Tetras not a hard swallow at all......probably no more then a few months of growth for a young snook, and the tetras will disappear.
For a large Central American cichlid, they are very mild mannered and will often get bullied if housed with other large CA cichlids. I'd probably consider housing them with something more mellow like oscars or large sturdy non-cichlids.


----------



## aahren10 (Sep 11, 2018)

Thank you for the relpy. Everything went well. I got all the tetras out and i put the "snooks" in the tank today. I dont understand, but my two fish look totally different than the link u sent me.
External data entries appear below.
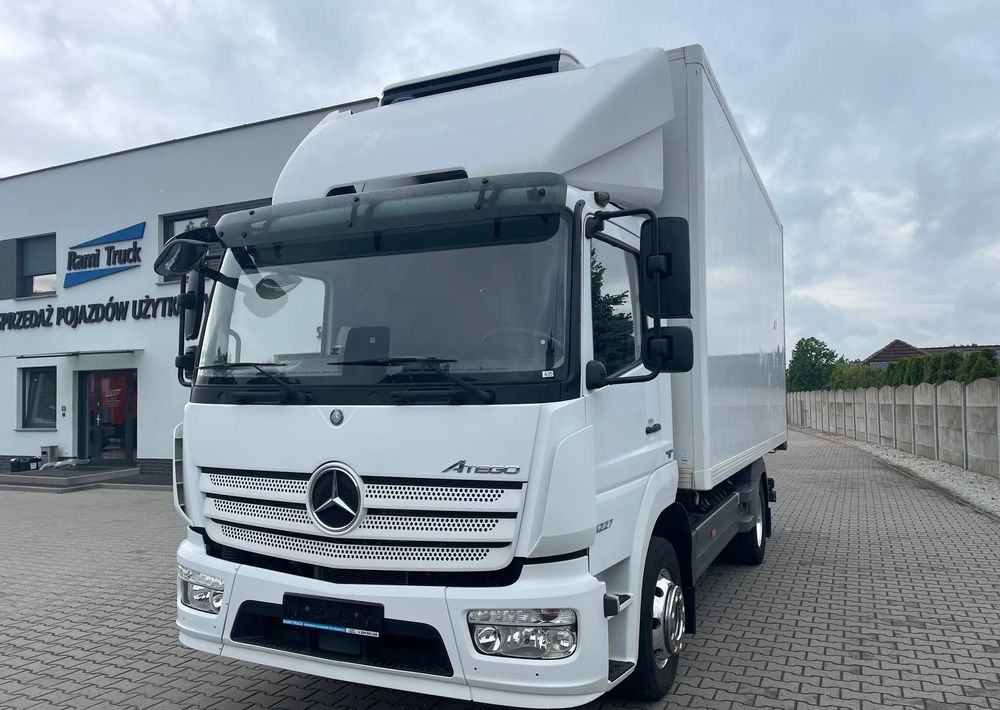 Mercedes-Benz ATEGO 1227 CHŁODNIA HAKOWA / HAKÓWKA - Truk berpendingin: gambar 1 Mercedes-Benz ATEGO 1227 CHŁODNIA HAKOWA / HAKÓWKA - Truk berpendingin: gambar 1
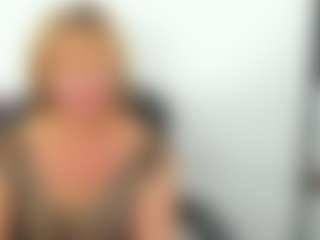 Live cam show with MarieDesire - Upskirt on Dolls Live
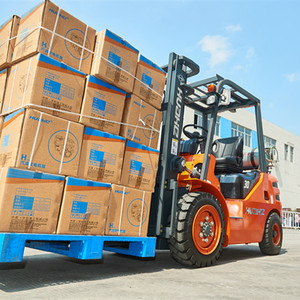 2吨卡车与发动机日产k25叉车日产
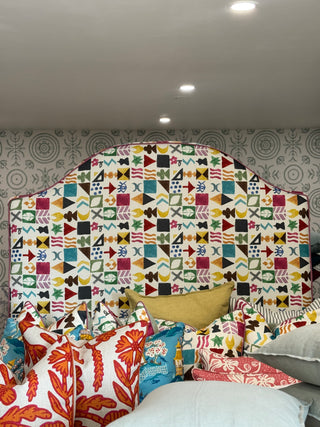 Queen Bedhead in Potato Print G P & J BAKER X KIT KEMP Collection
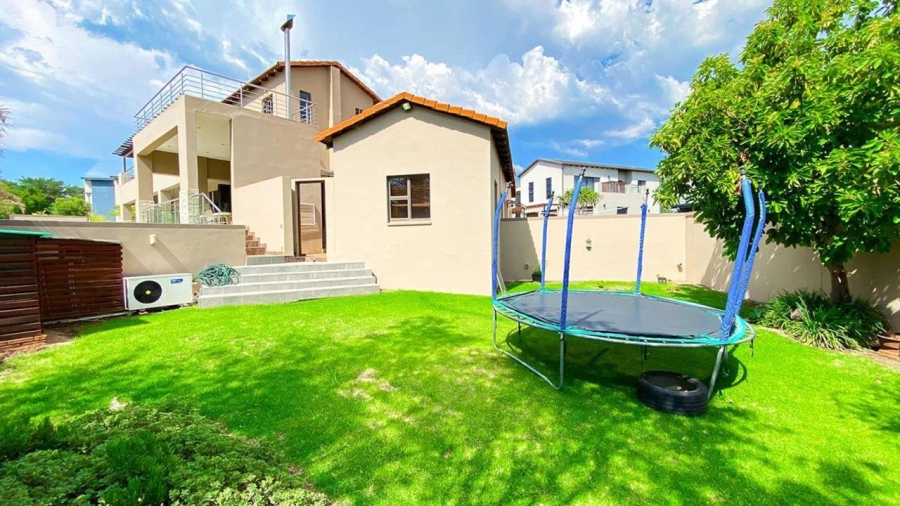 5 Bedroom Property for Sale in Copperleaf Estate Gauteng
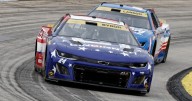 Byron outduels Blaney for victory at Martinsville and NASCAR Championship 4 berth
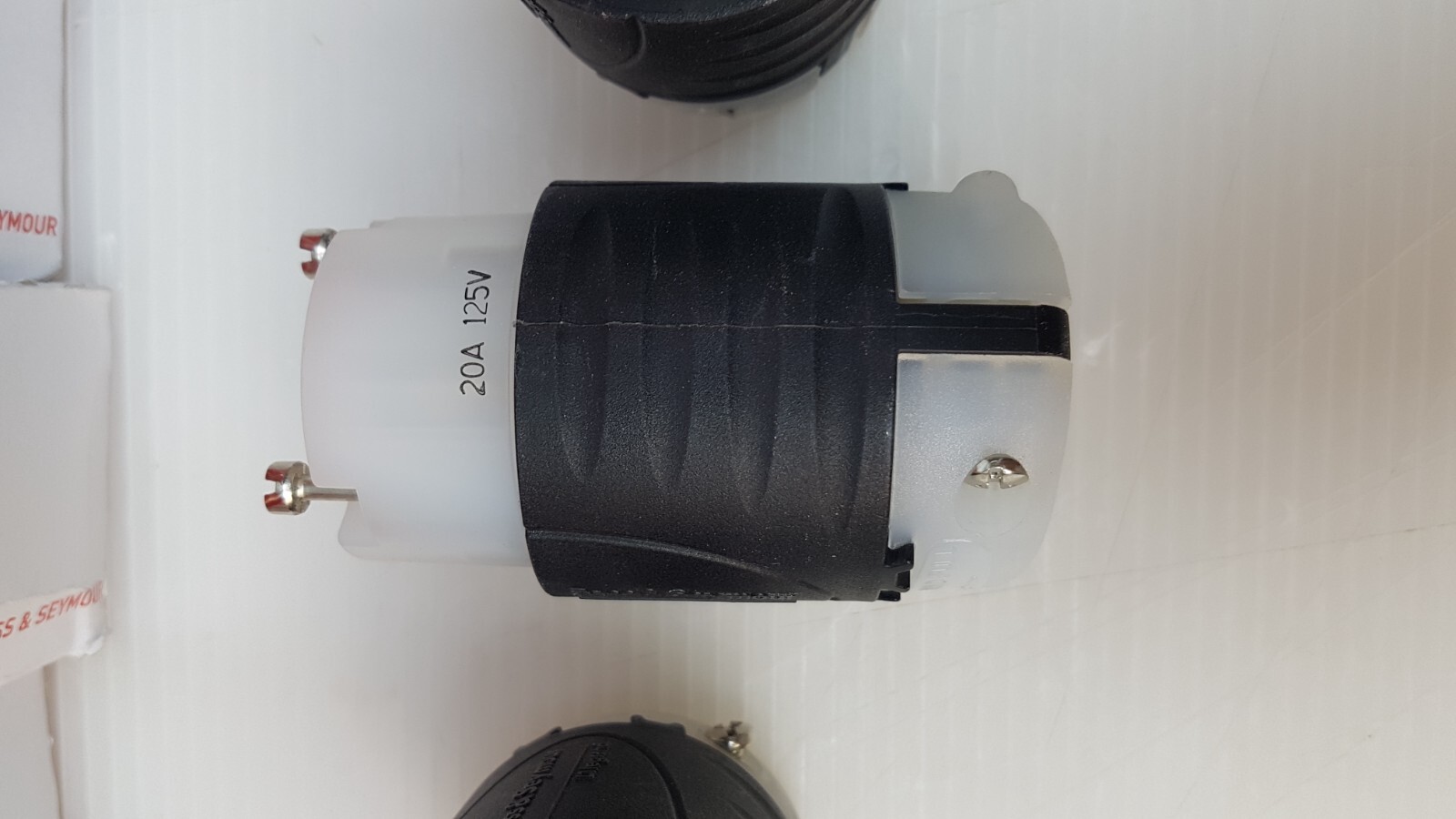 12PCS PASS&SEYMOUR LEGRAND L520-C TURNLOK CONNECTOR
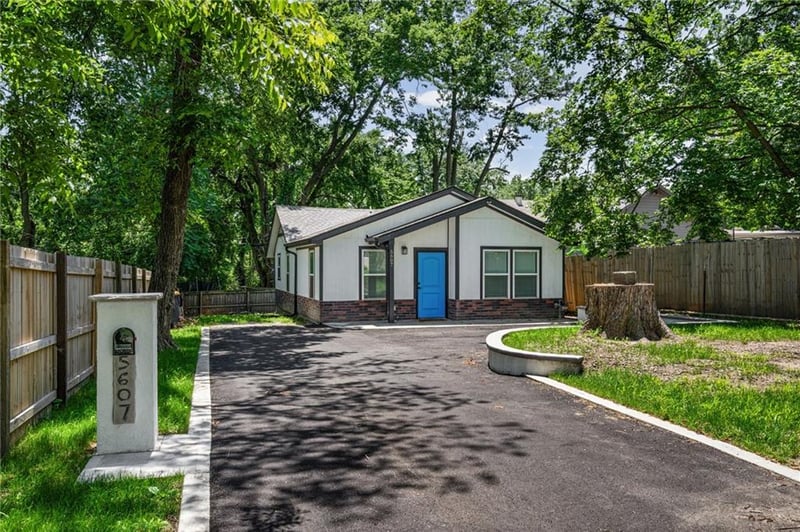 5607 E 23rd St, Kansas City, MO 64127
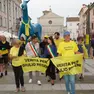 Il corteo con Marco Cavallo a Gradisca che ha preceduto il dibattito a teatro (foto Marega)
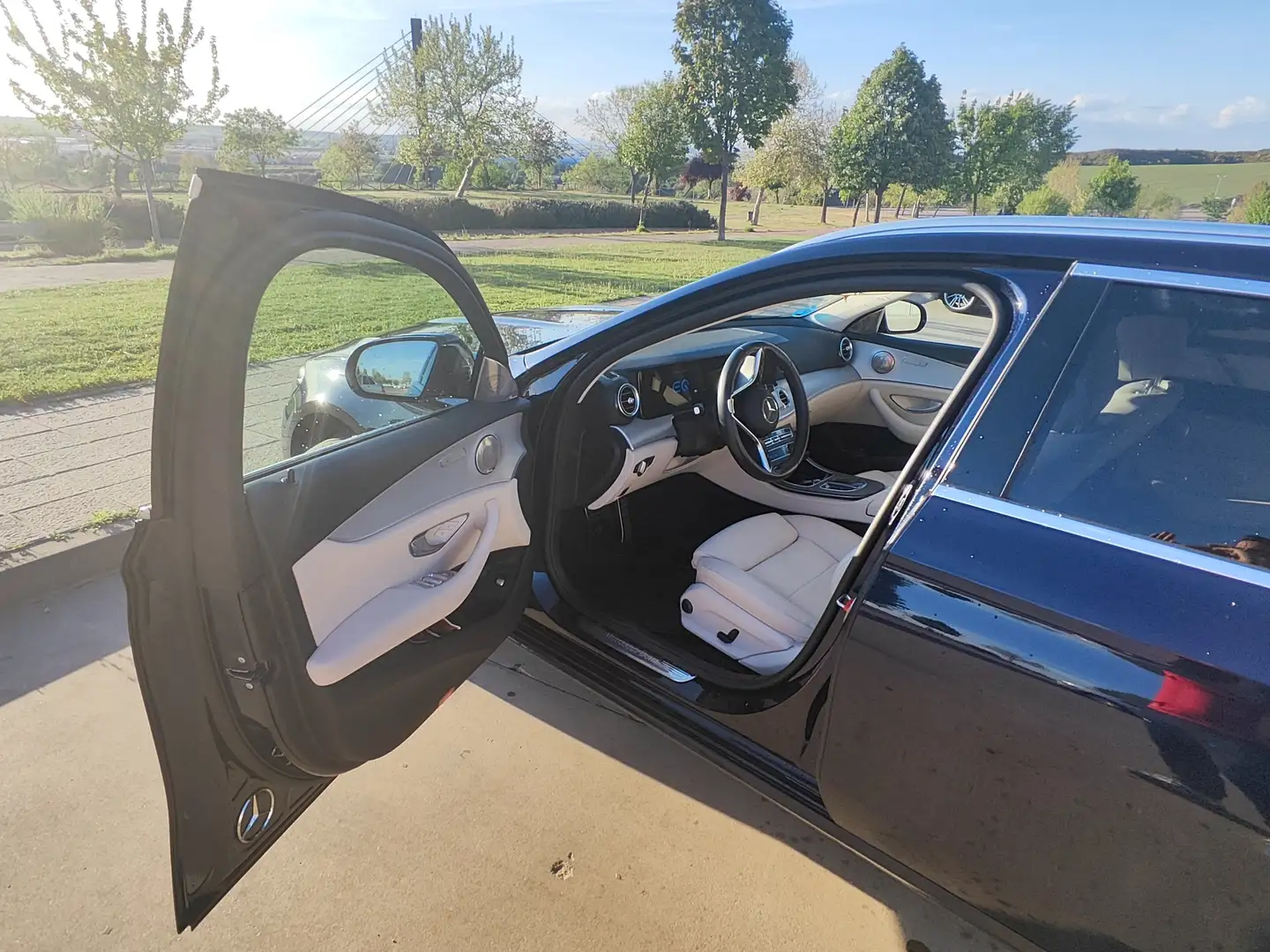 Mercedes-Benz E 300 E Estate 300 de 4Matic Azul - 2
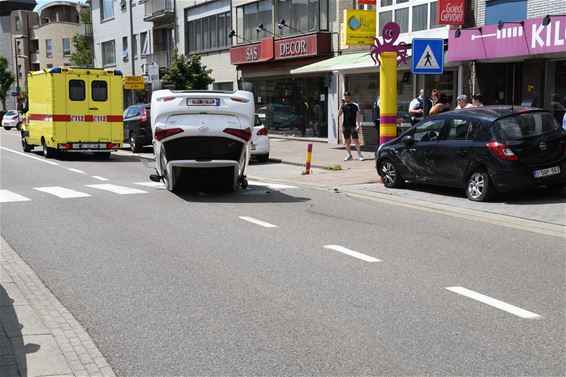 Auto over de kop: vrouw gewond - Beringen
Im starting to think they might not be snooks cause one has a calico pattern and the other one has white occasional blotches everywhere and has a small hump starting to begin on his head. But he has a similqr body shape as the one in the picture.


----------



## BC in SK (Aug 11, 2012)

aahren10 said:


> Im starting to think they might not be snooks cause one has a calico pattern and the other one has white occasional blotches everywhere and has a small hump starting to begin on his head.


Post some pictures.


----------



## aahren10 (Sep 11, 2018)

Here. Im starting to tjink he may be a red devil, but he is the most docile cichlid in the tank


----------



## noki (Jun 13, 2003)

aahren10 said:


> Here. Im starting to tjink he may be a red devil, but he is the most docile cichlid in the tank


Yes, that is part of that Red Devil type of cichlids, think they tend to be mixed. Will get large with high potential for destructive behavior.


----------



## aahren10 (Sep 11, 2018)

****. Do u know why hes not aggressive now?


----------



## noki (Jun 13, 2003)

aahren10 said:


> darn. Do u know why hes not aggressive now?


Suppose there is no reason for aggression. You have 2 of these? They have only been the tank a day. Once they get settled and start getting sexually mature they may get more territorial chasing fish or fight with each other. If they get big enough they can try to get smaller fish in their mouth, if not they will ignore the tetras otherwise except for territorial behavior. Eventually you will have problems if you have a smaller tank and tetras.


----------



## aahren10 (Sep 11, 2018)

I took the tetras back + all small fish. Thank you fot the advice


----------